Details
Event Timeline
Change 566595 had a related patch set uploaded (by Halfak; owner: Halfak):
[mediawiki/services/ores/deploy@master] Adds topic models for ar, cs, ko, and vi.
Change 566595 merged by Accraze:
[mediawiki/services/ores/deploy@master] Adds topic models for ar, cs, ko, and vi.
I failed on the deploy to beta. Looks like memory usage is far too high. I'm investigating.
I'm investigating memory usage. I'm working from a python terminal on my dev laptop. Essentially, I'm tracking VSZ and RSS while running commands.
Before loading anything:
- VSZ: 35600
- RSS: 9340
After from revscoring import Model:
- VSZ: 495752
- RSS: 76216
After enwiki = Model.load(open("models/enwiki.articletopic.gradient_boosting.model"))
- VSZ: 1010852
- RSS: 567348
After arwiki = Model.load(open("models/arwiki.articletopic.gradient_boosting.model"))
- VSZ: 1385732
- RSS: 941856
After enwiki2 = Model.load(open("models/enwiki.articletopic.gradient_boosting.model"))
- VSZ: 1464596
- RSS: 1020768
This is higher memory usage than I think we are really prepared for. After loading all of the models, it ends up being about 3x as much memory as we needed before.
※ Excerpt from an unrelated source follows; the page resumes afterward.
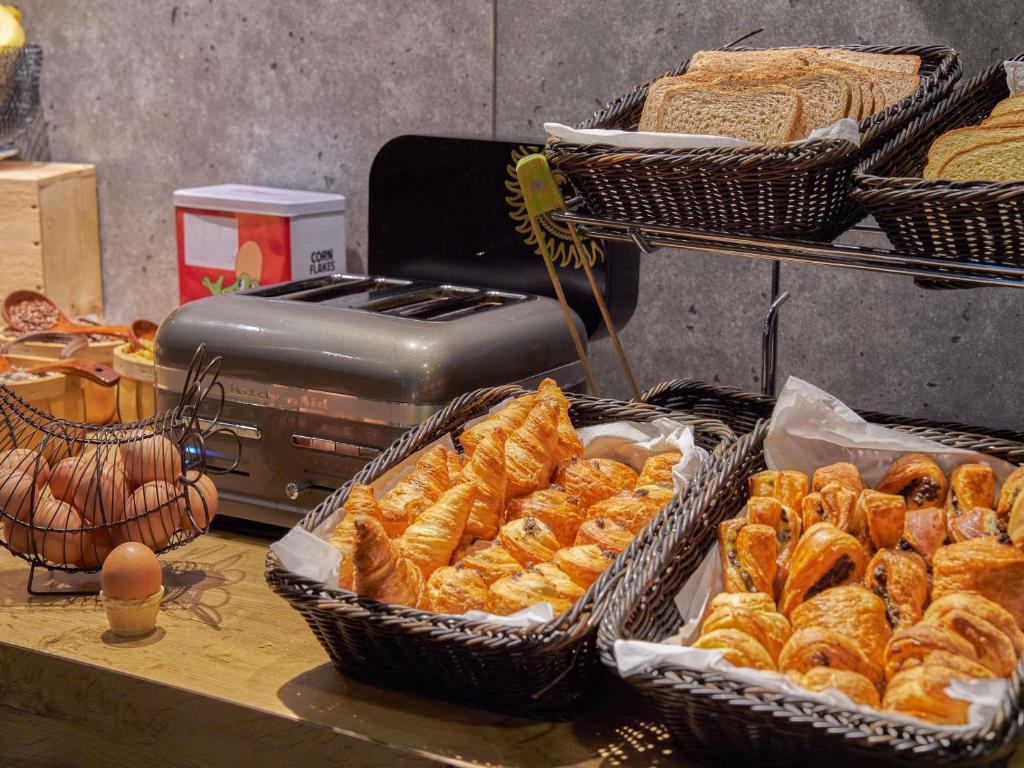 ibis budget Bordeaux Centre - Gare Saint Jean - Resim 45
As we can see from the final load, that memory gets shared relatively straightforwardly, but it is still too much.
I wonder if we can use gensim's memory-map mode to get around this. Alternatively, we can reduce the dimensions of our vectors or reduce the size of the vocabulary.
Change 567120 had a related patch set uploaded (by Halfak; owner: Halfak):
[research/ores/wheels@master] Updates for revscoring 2.6.5
Change 567120 merged by Accraze:
[research/ores/wheels@master] Updates for revscoring 2.6.5
Change 567143 had a related patch set uploaded (by Halfak; owner: Halfak):
[mediawiki/services/ores/deploy@master] New draft topic models with 50d vectors.
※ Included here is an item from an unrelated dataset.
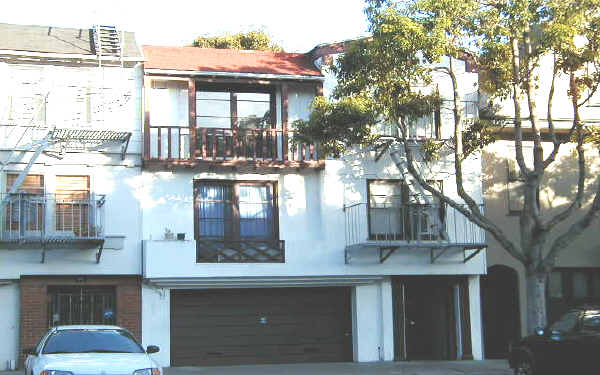 71 Sanchez St in San Francisco, CA - Building Photo - Building Photo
Change 567143 merged by Halfak:
[mediawiki/services/ores/deploy@master] New draft topic models with 50d vectors.
Mentioned in SAL (#wikimedia-operations) [2020-02-03T21:01:24Z] <halfak@deploy1001> Started deploy [ores/deploy@50a101a]: T243451
Mentioned in SAL (#wikimedia-operations) [2020-02-03T21:14:09Z] <halfak@deploy1001> Finished deploy [ores/deploy@50a101a]: T243451 (duration: 12m 47s)